丁夫人の嘆き(曹操の後庭) 八十九

            丁夫人の嘆き(曹操の後庭) 八十九

 劉焉とおなじ頃に劉虞(ぐ)という男が幽州牧を拝命した。
 虞は東海恭王(劉彊りゅうきょう)の五世の孫だ。
 東海恭王は光武帝の長子で太子に立てられた。実母は郭皇后である。光武の妻になって十数年、郭皇后の容姿は衰えた。容姿の衰えとともに寵愛も衰えた。名門のお姫様育ちである、なみの男なら一生彼女に頭が上がらぬ。郭氏は誰はばかることなく恨み言をのべた。
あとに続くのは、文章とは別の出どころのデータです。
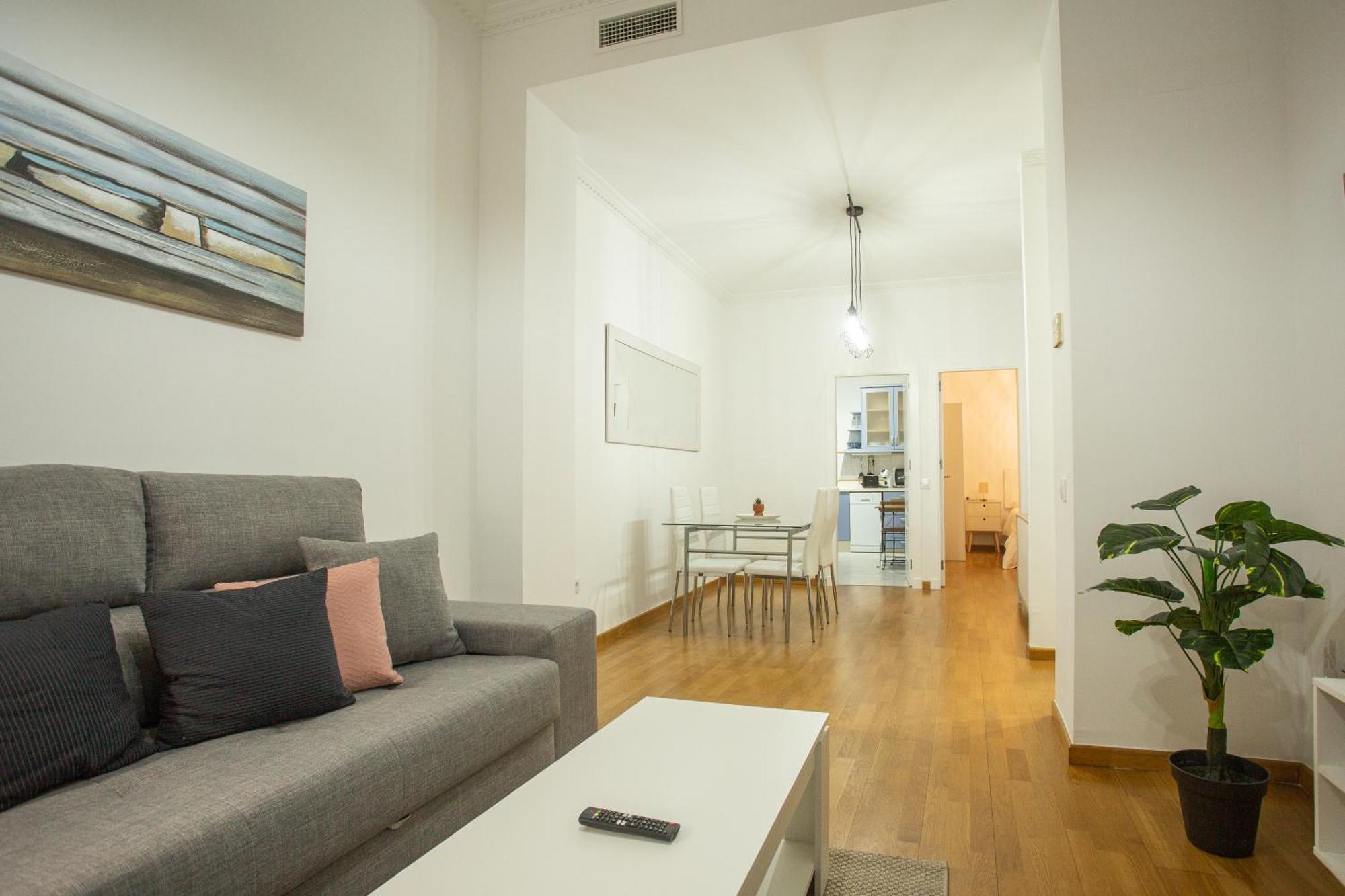 Wish Suite Conde De Sevilla المظهر الخارجي الصورة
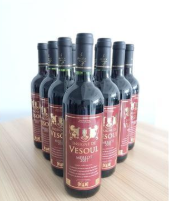 黃山市拉菲特酒業銷售有限公司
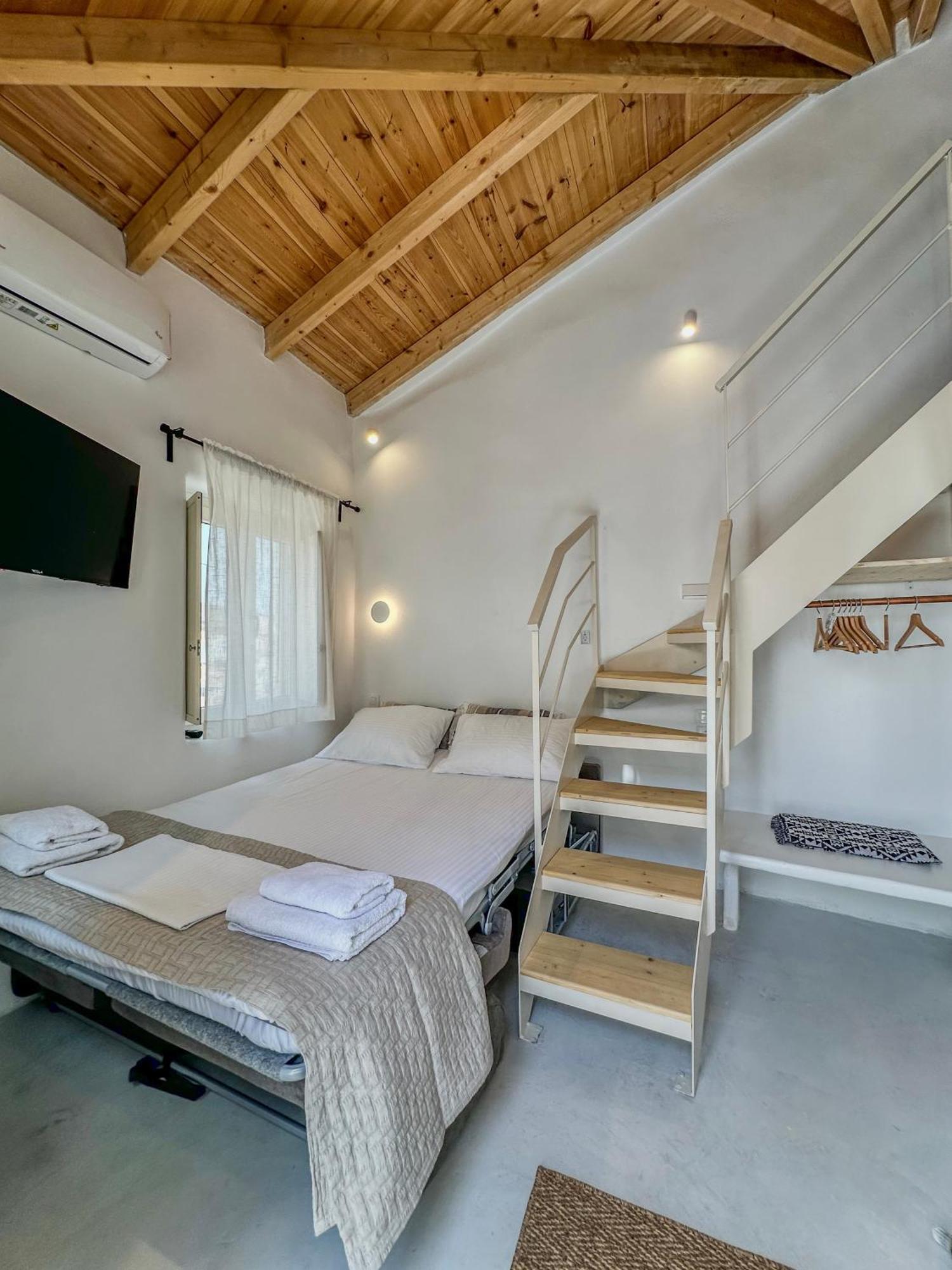 Lythi Apartment Kythnos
家格からすれば光武帝よりも郭氏の家が上だった。男の値打ちは家柄ではない。美貌の妻や家柄の妻ではない。意気や功績で決まる。志の高さで決まる。乱世に立ち上がった英雄のなかの英雄である、いまや天下の第一人者だ。郭皇后は廃され、光武帝若かりし頃に「妻を娶らば陰麗華」とまで感嘆せしめた陰氏が皇后に立てられた。
 まだ若冠にみたぬ太子彊は憂えた。陰氏が生んだ弟に太子の位を譲って王に成りたいと光武帝に願い出る。
 光武帝は罪なくして廃位を願い出る彊を哀れんで東海王に封じた。従来の東海国に魯郡を加え、二郡二十九県の大国とした。税収は諸王の倍である。この魯郡というのはもとの魯国らしい。魯国に封じられた王はのちに他国に封じられ、魯国は郡に組み込まれていた。したがって劉焉の宗家は、王莽に阿諛した罪はまだ許されなかったようだ。
 魯の古都には、劉焉の先祖である魯恭王が営んだ壮麗な霊光殿が、かっての輝きをとどめていた。魯恭王は宮殿を興すのを好んだというから、細部にまで贅を凝らしたのだろう。
 光武帝は東海国の都をこの魯の古都におき、霊光殿を王宮にするよう命じた。それゆえに東海国は魯の旧都に都をおいたのである。 
 東海恭王は生涯行いを慎んだ。その跡継ぎは不肖の子だったが、この王を除けば代々、慎み深い家風を守った。劉虞が幽州牧を拝命した頃、東海王家の当主は劉祇(き)である。
 劉虞の一族は東海王国の旧都だった?(たん)に居を定めた。?は徐州刺史の役所が置かれた地で、古くから開けた都会である。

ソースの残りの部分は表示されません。